Solian said the region pursued MPO formation after the U.S. Census designated a contiguous urbanized area on Dec. 29, 2022. That designation, she said, “triggered the need to form a metropolitan planning organization” under federal planning rules so the region could continue to receive federal transportation funds. Solian told the committee the policy board selected the Alaska Department of Labor’s 2019 population forecast as a mid‑range scenario and adjusted its estimate to plan for about 43,000 additional residents in the planning area over the next 20 years.

Why it matters: MPOs set metropolitan transportation plans and short‑term funded projects that determine how federal surface‑transportation dollars are prioritized and matched locally. An approved planning boundary shapes which communities can formally participate in those decisions and which projects can be programmed in the MPO’s Transportation Improvement Program (TIP).

What MVP did: Solian said MVP elected to be an independent nonprofit and received a state grant in early formation to cover predevelopment costs and match obligations; the Mat‑Su Borough holds that grant while MVP finalizes a grant agreement. MVP approved its Unified Planning Work Program (UPWP), finalized a long‑range planning workplan, opened a bank account, and completed organizational policies. The policy board—composed of local government officials including the mayors of Wasilla and Palmer, tribal transportation directors, and DOT representation—was adopted, and a 16‑member technical committee of planners, transit and trucking representatives, and non‑motorized advocates will review staff work and recommend items to the policy board.

Boundary process and data: MVP staff described a multi‑step boundary‑development strategy: choose a population forecast, overlay parcel data (with public lands and designated agricultural land excluded), analyze census blocks and traffic analysis zones, and run four scenarios (infill vs. sprawl) to place future growth. MVP solicited subject‑matter input from developers and realtors and received about 72 public comments during its comment period. Solian cited specific public feedback — including requests to include Reddington Elementary due to school traffic — that led to small map adjustments. The policy board approved the final boundary in September 2023 and the governor signed it; MVP reported the Metropolitan Planning Area is about 20 square miles and contains roughly 73,000 residents.

Public participation and next steps: Solian emphasized that MVP meetings are open, that the organization implemented a public participation plan with a 45‑day comment window, and that technical‑committee meetings include three at‑large seats for transit, trucking and bike/ped representatives. Solian said MVP is about to begin its metropolitan transportation plan project with a consulting team and will expand community outreach through councils, RSAs and transit rider engagement.

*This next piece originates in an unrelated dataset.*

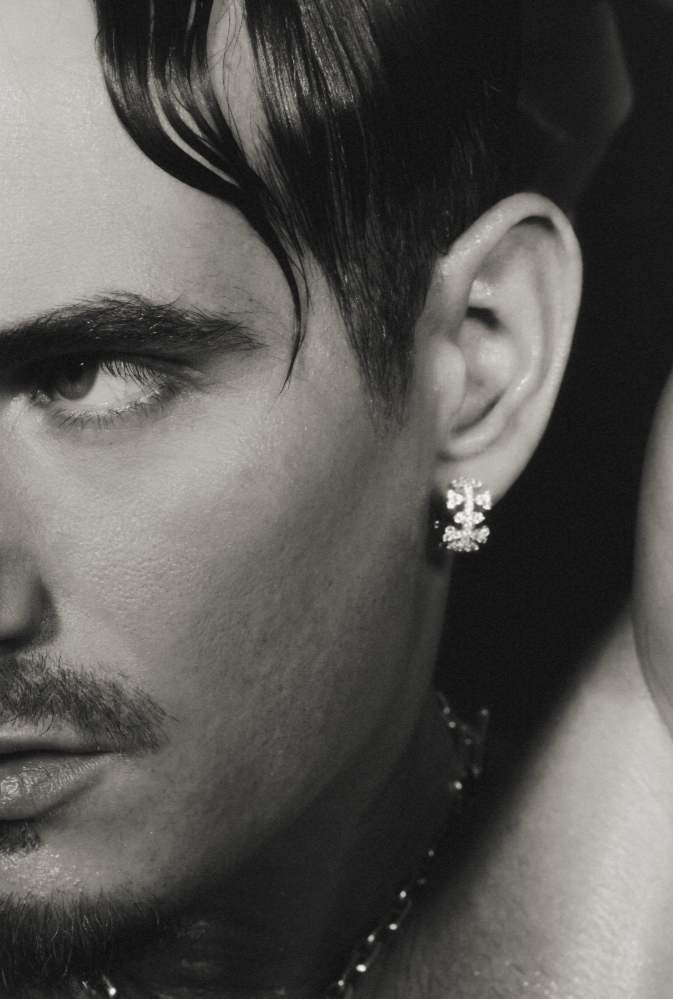Close-up black-and-white photo of a young man with styled dark hair, a mustache, an earring, and a chain necklace, partially showing his face and side profile.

Quotes: “I am the executive director…for MVP, Mat‑Su Valley Planning for Transportation, the newest MPO in Alaska,” Solian told the committee during her presentation. She also summarized federal grounding for the process: the development of an MPO is “set out in federal regulation Title 23,” she said, explaining the role of MPOs in making federal funds flow to locally prioritized projects.

What remains unresolved: MVP will need to finalize staffing, complete its MTP and TIP, and continue outreach as those technical documents are drafted. Solian said the organization is still refining internal processes and expects to hire additional staff to run the next planning phases.

Procedural follow‑ups: Committee members asked for follow‑up briefings on funding formulas, membership seats and how community councils are engaged; the committee scheduled continued conversation on related transportation bills and topics at its next meeting.